A research team, led by an Indian-origin scientist, has identified two genes, CCR5 and CCL3L1, that play a key role in deciding the course of immune restoration in HIV-positive individuals undergoing virus-suppressing therapy.
The study of patients' genes and clinical outcomes, by Sunil K. Ahuja, M.D., professor of medicine, microbiology, infectious diseases and biochemistry at The University of Texas Health Science Center at San Antonio, may signal the need for a change of thought in approaching HIV management.
The researchers have shed light on why the immune system of some individuals does not bounce back even after the suppression of HIV-1 replication by highly active antiretroviral therapy (HAART), while it proves beneficial for others.
CCR5 is an HIV-1 co-receptor or portal of entry for the virus into CD4+ T cells, and CCL3L1, is an HIV-suppressing molecule that binds to CCR5.
"The new results suggest that we may be able to personalize the treatment of HIV as we might be able to predict, based on the presence of these gene variations, whether someone will have a better or worse immunological response when taking HAART," Nature quoted Ahuja, as saying.
"We categorized the copy number of the CCL3L1 gene and variations in the CCR5 gene into three categories designated as high, moderate and low genetic risk groups. Those HIV-positive persons categorized into the low genetic risk group did the best on HAART. In contrast, those categorized into the high genetic risk group initially did fine during the first two years of therapy, but then their immune reconstitution failed and their CD4 cell counts began to decline," said Matthew Dolan, M.D., co-lead author of the study.
In a 2005 study by Ahuja's team it was proposed that people having fewer copies of the CCL3L1 gene are increasingly prone to HIV-1 infection and its subsequent progression to AIDS, as compared to individuals from their same ethnic background. Earlier studies also described the CCR5 variations that provide protection.

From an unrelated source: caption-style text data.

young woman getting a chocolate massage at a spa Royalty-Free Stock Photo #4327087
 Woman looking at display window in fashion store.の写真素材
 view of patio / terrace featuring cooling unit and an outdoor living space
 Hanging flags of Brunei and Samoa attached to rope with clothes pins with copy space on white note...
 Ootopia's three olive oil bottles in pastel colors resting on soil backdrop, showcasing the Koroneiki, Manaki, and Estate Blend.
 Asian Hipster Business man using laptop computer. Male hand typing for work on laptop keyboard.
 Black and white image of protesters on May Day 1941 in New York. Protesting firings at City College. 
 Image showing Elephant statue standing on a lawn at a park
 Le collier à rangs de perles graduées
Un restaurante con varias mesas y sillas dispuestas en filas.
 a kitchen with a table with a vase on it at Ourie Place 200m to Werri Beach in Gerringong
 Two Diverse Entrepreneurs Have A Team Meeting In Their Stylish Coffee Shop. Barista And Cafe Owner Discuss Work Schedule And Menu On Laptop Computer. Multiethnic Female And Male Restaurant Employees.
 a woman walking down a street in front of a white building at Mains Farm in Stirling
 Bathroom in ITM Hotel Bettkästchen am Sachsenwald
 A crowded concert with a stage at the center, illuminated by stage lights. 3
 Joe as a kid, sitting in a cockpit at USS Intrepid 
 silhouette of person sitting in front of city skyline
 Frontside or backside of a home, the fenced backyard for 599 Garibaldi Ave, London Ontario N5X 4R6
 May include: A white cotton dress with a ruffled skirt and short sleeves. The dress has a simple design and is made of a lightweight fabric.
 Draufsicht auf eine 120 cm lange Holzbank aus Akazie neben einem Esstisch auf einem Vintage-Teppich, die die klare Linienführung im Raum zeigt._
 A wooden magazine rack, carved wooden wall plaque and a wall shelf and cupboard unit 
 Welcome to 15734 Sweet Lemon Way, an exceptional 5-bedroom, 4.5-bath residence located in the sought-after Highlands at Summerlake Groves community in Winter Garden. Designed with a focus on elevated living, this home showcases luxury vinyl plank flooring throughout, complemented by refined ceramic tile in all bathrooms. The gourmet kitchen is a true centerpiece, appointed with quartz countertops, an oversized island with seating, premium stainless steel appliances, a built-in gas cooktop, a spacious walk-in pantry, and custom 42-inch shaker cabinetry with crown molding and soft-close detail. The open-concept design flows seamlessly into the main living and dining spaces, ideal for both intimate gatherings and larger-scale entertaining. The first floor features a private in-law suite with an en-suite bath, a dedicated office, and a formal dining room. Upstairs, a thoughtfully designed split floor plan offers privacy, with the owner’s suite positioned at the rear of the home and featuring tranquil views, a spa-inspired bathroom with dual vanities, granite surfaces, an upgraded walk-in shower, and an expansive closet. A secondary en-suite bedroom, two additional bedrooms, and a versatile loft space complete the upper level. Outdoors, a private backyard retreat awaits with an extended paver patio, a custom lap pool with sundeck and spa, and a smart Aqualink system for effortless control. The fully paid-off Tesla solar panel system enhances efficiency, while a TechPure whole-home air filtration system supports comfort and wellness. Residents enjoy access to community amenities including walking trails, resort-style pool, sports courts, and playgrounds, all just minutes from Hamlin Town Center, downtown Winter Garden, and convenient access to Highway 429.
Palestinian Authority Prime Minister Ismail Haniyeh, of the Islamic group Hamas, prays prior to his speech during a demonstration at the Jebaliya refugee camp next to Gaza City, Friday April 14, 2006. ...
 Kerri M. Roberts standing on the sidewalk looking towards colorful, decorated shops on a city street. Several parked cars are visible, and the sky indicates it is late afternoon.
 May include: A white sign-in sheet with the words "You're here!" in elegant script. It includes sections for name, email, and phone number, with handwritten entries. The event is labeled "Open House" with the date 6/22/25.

"As those in the high and moderate genetic risk groups might be especially vulnerable to both increased AIDS risk and a poorer immune response during HAART, it might be important to keep a closer eye on such patients and perhaps even consider starting them on therapy earlier," said one of the co-authors of the study.
"When patients fare poorly on HAART, clinicians usually think about genetic mutations in the virus as a possible reason, but this study points to the importance of also alerting caregivers to the importance of a person's CCL3L1-CCR5 genetic makeup as another possible factor for faring poorly on therapy," added Hemant Kulkarni, M.D., a co-author from the Veterans Administration Center for AIDS and HIV Infection.
Mike McCune, M.D., Ph.D., chief of the Division of Experimental Medicine at the University of California, San Francisco, touted the study to be one with potentially important practical applications.
"By showing that the same genetic makeup increases susceptibility to immune depletion and impaired immune recovery, the authors provide novel tools that may allow us to predict both those who will progress faster after HIV infection as well as those who might benefit from earlier initiation of HAART," he said.
According to Ahuja the study also puts forth the need for new thinking in HIV-1 management.
"The current debate about when to initiate antiretroviral therapy might need to be redirected toward first assessing who should be considered for therapy, on the basis of the host genetic endowment," he said.
The CD4+ restoration was more closely associated with number of copies of CCL3L1 than with CCR5 status.
"This suggests that drugs that mimic or amplify the activity of CCL3L1 could be effective for HIV treatment," said Dolan.
The study is published in Nature Medicine, one of the world's highest-impact journals.